Work order: The whole listing, please: repeat it exactly, with the pictures left out.

[[ Given material open ]]

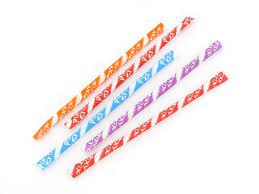 Pixy Stix 90G Bag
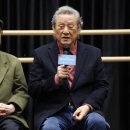 도도독A 이미지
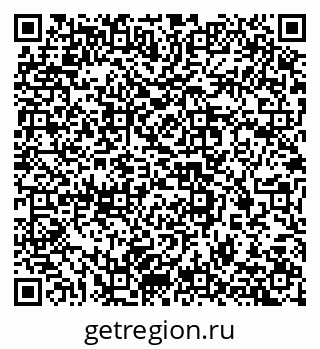 79637335633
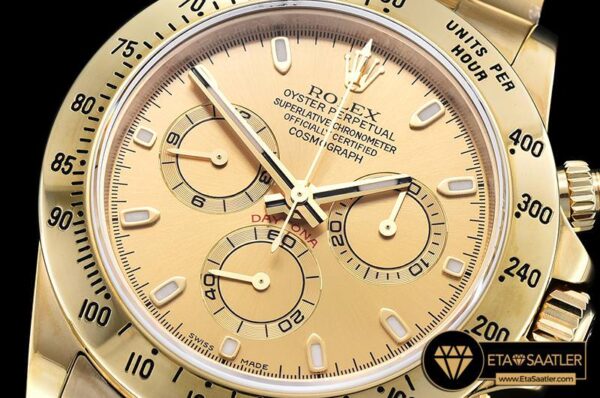 ROLDYT0193A – Daytona YGYG Yellow Gold Stks JF Asia 7750 08.jpg modelleri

[[ Given material closed ]]

Problem solution:
 Pixy Stix 90G Bag
 도도독A 이미지
 79637335633
 ROLDYT0193A – Daytona YGYG Yellow Gold Stks JF Asia 7750 08.jpg modelleri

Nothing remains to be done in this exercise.